De outro lado está a Memória Explícita ou Episódica, relacionada a experiências pessoais identificáveis ou as experiências conscientes. Seu desdobramento são as dimensões do Caráter de uma pessoa e está relacionado ao o que fazemos com nós mesmos de forma intencional, como refletimos e agimos em relação ao nosso comportamento. Justamente por esta característica consciente, via nosso caráter podemos ajustar certas respostas automáticas pré-definidas em nosso comportamento e, desta forma, desenvolver mudanças em nossa conduta final. As dimensões do caráter descrevem o grau de percepção de uma pessoa em relação a si mesmo:

  • Auto-direção (SD): mede o grau de independência e segurança dos indivíduos, quanto eles conseguem controlar, regular e adaptar sua conduta, ajustando-a as situações de acordo a metas e valores escolhidos anteriormente.
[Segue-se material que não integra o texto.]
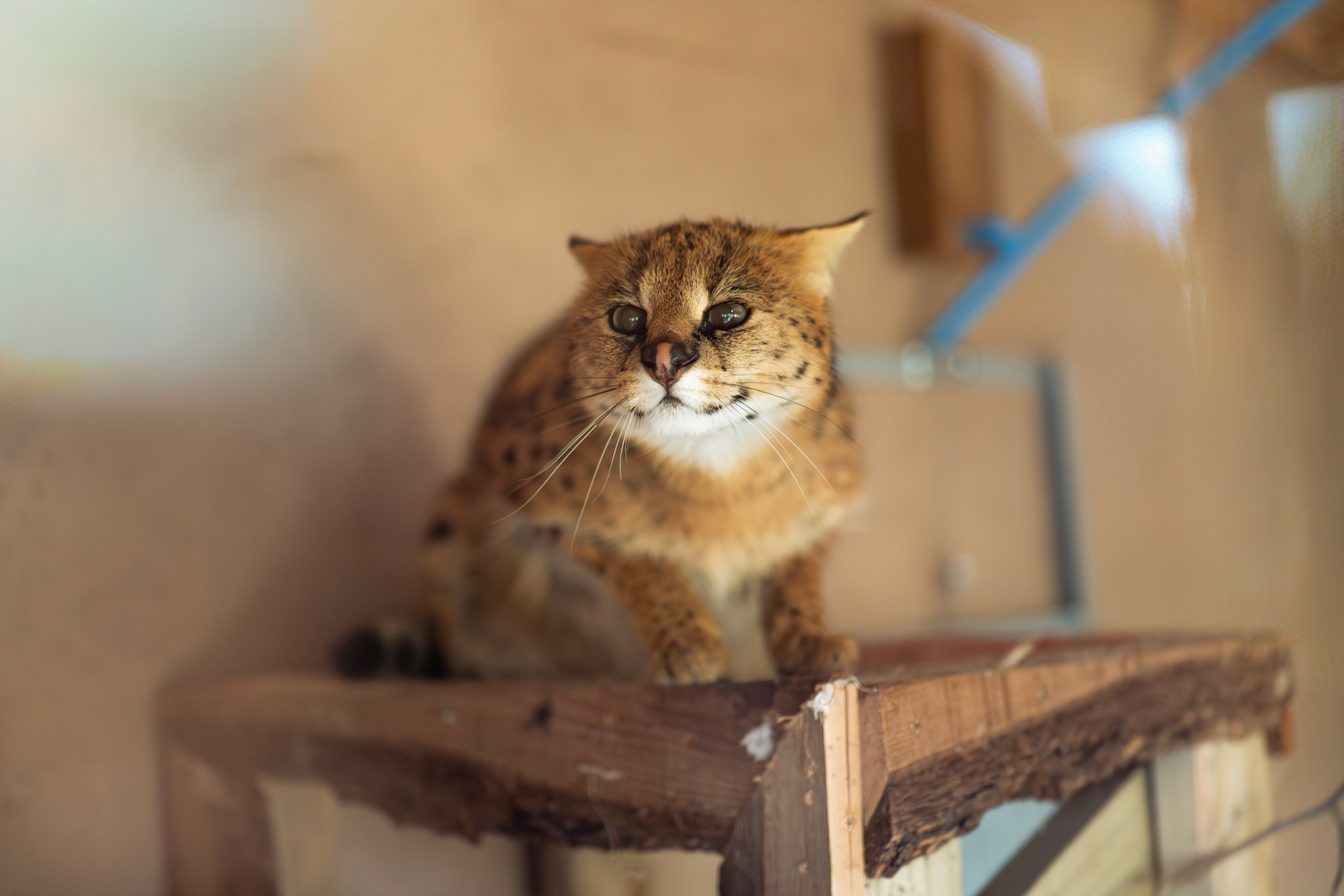 a serval at Northumberland zoo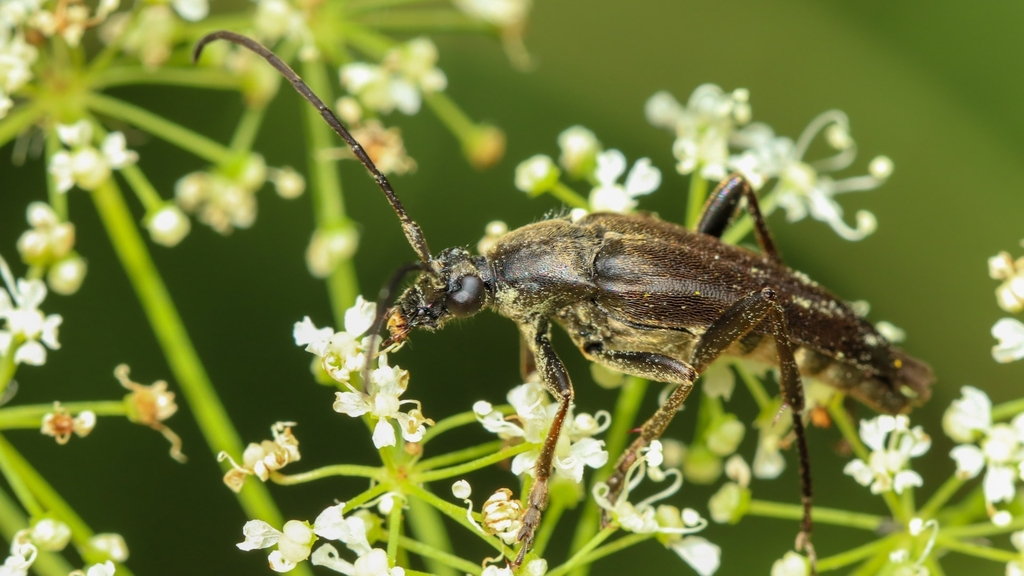 Cerambycidae Pedostrangalia pubescens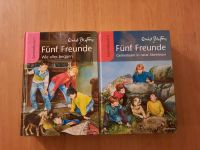 Fünf Freunde Enid Blyton Sammelband 1 und 2 Buch Leipzig - Dölitz-Dösen Vorschau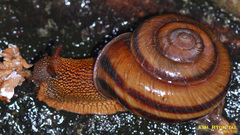 Nesiohelix samarangae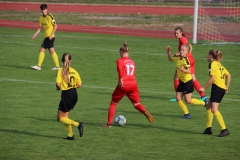 VfL Sindelfingen (B1) - TSV Crailsheim (20.10.2018)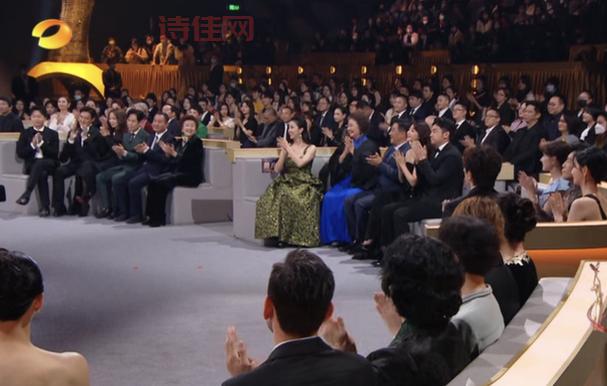 第九届金鹰奖颁奖典礼精彩回顾：最佳作品与获奖名单揭晓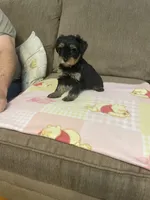 Luna, a female Yorkshire Terrier for sale in Ball Ground, GA – 5 of 5
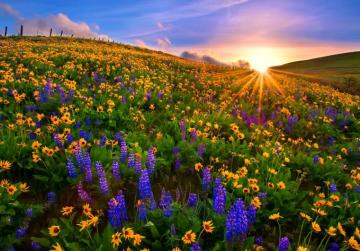 Spring Flower Field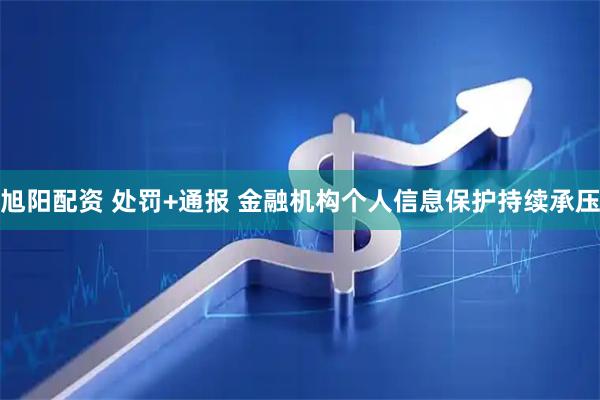 旭阳配资 处罚+通报 金融机构个人信息保护持续承压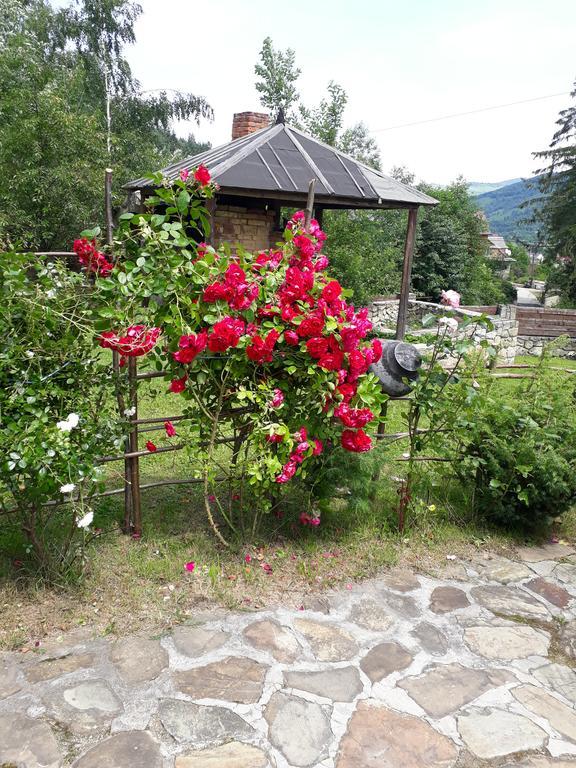 Girska Sadyba Jaremtsje Buitenkant foto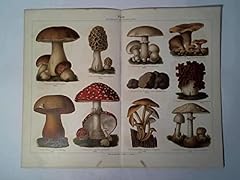 Pilze d'occasion  Livré partout en France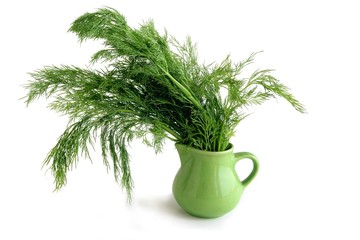 green dill in small jug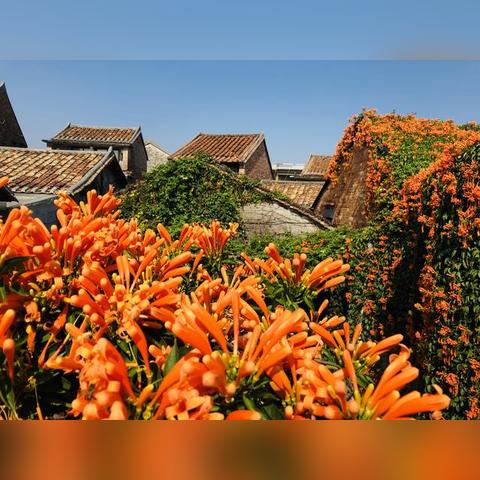 东莞市超大农场有哪些村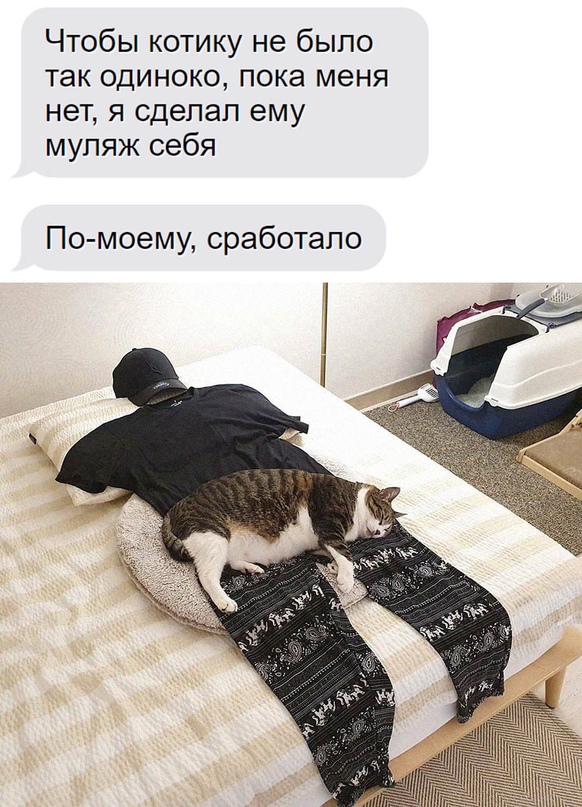Картинки и мемы для настроения. Выходные рядышком...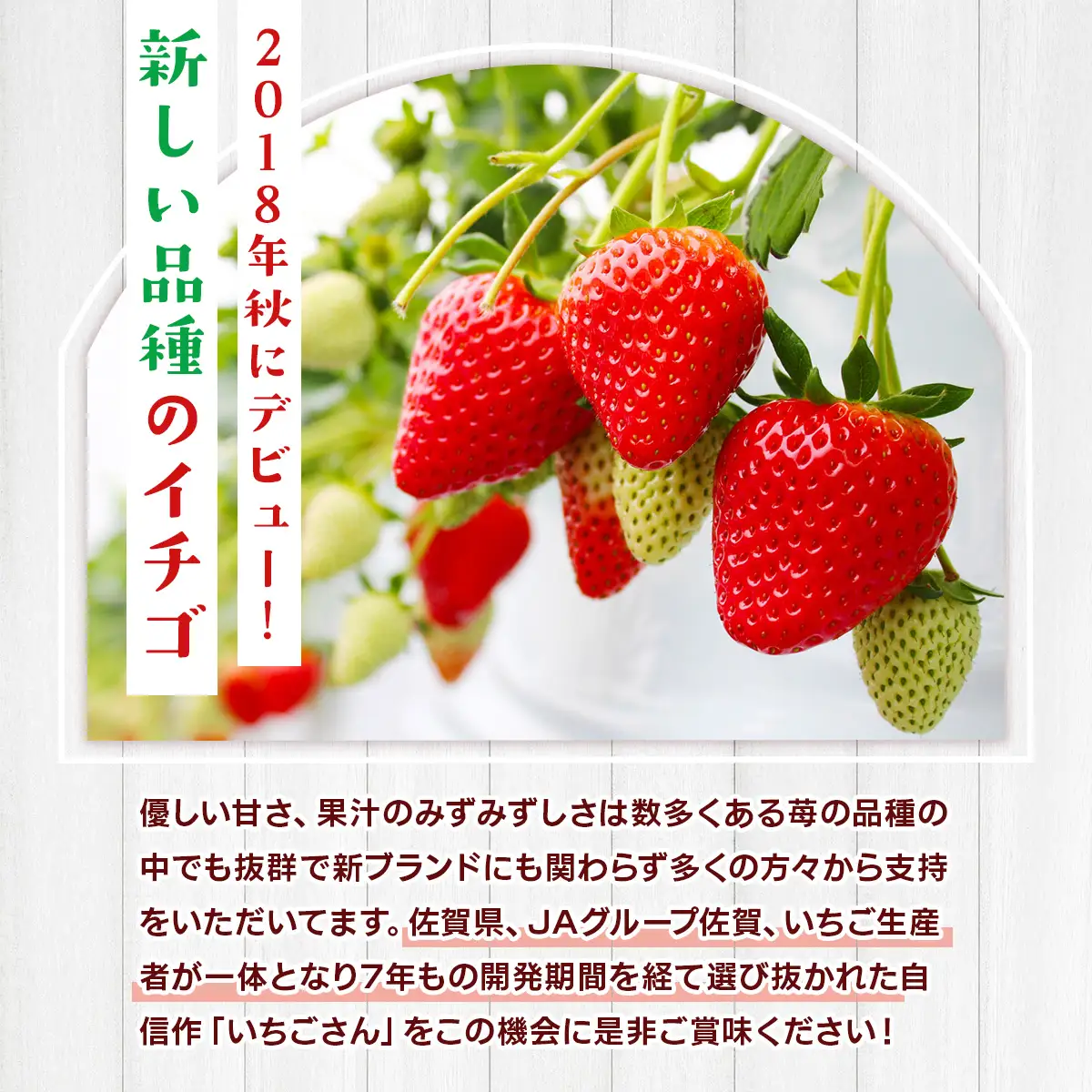 佐賀県産 いちごさん 合計約1kg 250g×4パック 苺 いちご イチゴ 114-B1014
Nesta dimensão identifica-se a autoestima, a responsabilidade, a orientação e a definição de metas, a competição, a determinação e a iniciativa para resolver problemas e a auto-eficácia. Empreendedores costumam ter altas pontuações nesta dimensão.
  • Cooperação (C): nesta dimensão estão refletidos os aspectos relacionados ao relacionamento com os demais, tolerância ou aceitação social, empatia ou insensibilidade, egoísmo ou tendência a ajudar, vingança e compaixão e oportunismo.
  • Autotranscedência (ST): o indivíduo visto como parte de uma unidade maior, esta dimensão descreve aspectos da personalidade relacionados a espiritualidade e a transcendência.

Estas sete dimensões são distribuídas em um questionário de 240 perguntas com uma escala de 1 a 5.

Já o Modelo dos 5 Grandes, aperfeiçoado por Costa e McCrae em 1985, estabelece 5 grandes dimensões que definem a personalidade dos indivíduos, conhecidas pelo acrônimo em inglês OCEAN:

  • Abertura a experiência (openness – O): nesta dimensão estariam as ações, as ideias, os valores, mas também os sentimentos, a estética e a fantasia.
  • Responsabilidade (conscientiousness – C): inclui conceitos como competência, organização, sentimento de dever, necessidade de conquistar, autodisciplina e planejamento.
  • Extroversão (extraversion – E): com um conceito um pouco mais amplo, que inclui aspectos de relacionamento com os demais, como cordialidade e gregarismo (preferência para estar em companhia), mas também assertividade, energia, busca por emoções e tendências a experimentar emoções positivas.
  • Amabilidade (agreeableness – A): também entendido como cordialidade, inclui elementos como confianças nos demais, franqueza, altruísmo, atitude conciliadora, modéstia e sensibilidade com outras pessoas e empatia.
  • Instabilidade Emocional (neuroticism – N): inclui sentimentos como ansiedade, agressão e hostilidade, depressão, impulsividade e vulnerabilidade ao estresse.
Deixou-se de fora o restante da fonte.